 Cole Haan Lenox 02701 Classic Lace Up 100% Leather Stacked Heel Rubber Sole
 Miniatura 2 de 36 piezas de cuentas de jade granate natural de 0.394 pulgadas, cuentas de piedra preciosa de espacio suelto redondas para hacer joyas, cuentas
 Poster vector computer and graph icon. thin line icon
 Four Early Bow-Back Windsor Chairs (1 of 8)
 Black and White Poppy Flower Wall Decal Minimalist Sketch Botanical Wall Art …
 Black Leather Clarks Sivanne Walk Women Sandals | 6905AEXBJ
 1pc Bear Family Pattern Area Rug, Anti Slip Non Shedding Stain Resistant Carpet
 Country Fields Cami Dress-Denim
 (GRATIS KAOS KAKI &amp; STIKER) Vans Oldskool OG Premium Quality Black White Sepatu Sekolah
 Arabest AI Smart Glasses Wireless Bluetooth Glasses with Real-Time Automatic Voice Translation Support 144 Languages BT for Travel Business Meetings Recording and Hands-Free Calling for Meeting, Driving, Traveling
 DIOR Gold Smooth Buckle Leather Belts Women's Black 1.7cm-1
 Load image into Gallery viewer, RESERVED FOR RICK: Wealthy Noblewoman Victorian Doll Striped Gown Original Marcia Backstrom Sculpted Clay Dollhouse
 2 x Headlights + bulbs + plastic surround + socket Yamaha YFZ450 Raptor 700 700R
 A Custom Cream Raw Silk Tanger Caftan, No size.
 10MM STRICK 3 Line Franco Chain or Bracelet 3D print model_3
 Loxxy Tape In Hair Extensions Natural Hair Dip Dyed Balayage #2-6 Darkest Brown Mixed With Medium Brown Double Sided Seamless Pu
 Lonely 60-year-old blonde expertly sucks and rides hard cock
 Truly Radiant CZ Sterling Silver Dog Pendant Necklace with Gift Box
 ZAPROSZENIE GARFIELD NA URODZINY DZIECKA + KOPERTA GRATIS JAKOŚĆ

* **Task goal**:
Return each line exactly, beginning at the start of the material above and ending at the line that includes "Load image into", with both of those kept.

* **Output**:
 Cole Haan Lenox 02701 Classic Lace Up 100% Leather Stacked Heel Rubber Sole
 Miniatura 2 de 36 piezas de cuentas de jade granate natural de 0.394 pulgadas, cuentas de piedra preciosa de espacio suelto redondas para hacer joyas, cuentas
 Poster vector computer and graph icon. thin line icon
 Four Early Bow-Back Windsor Chairs (1 of 8)
 Black and White Poppy Flower Wall Decal Minimalist Sketch Botanical Wall Art …
 Black Leather Clarks Sivanne Walk Women Sandals | 6905AEXBJ
 1pc Bear Family Pattern Area Rug, Anti Slip Non Shedding Stain Resistant Carpet
 Country Fields Cami Dress-Denim
 (GRATIS KAOS KAKI &amp; STIKER) Vans Oldskool OG Premium Quality Black White Sepatu Sekolah
 Arabest AI Smart Glasses Wireless Bluetooth Glasses with Real-Time Automatic Voice Translation Support 144 Languages BT for Travel Business Meetings Recording and Hands-Free Calling for Meeting, Driving, Traveling
 DIOR Gold Smooth Buckle Leather Belts Women's Black 1.7cm-1
 Load image into Gallery viewer, RESERVED FOR RICK: Wealthy Noblewoman Victorian Doll Striped Gown Original Marcia Backstrom Sculpted Clay Dollhouse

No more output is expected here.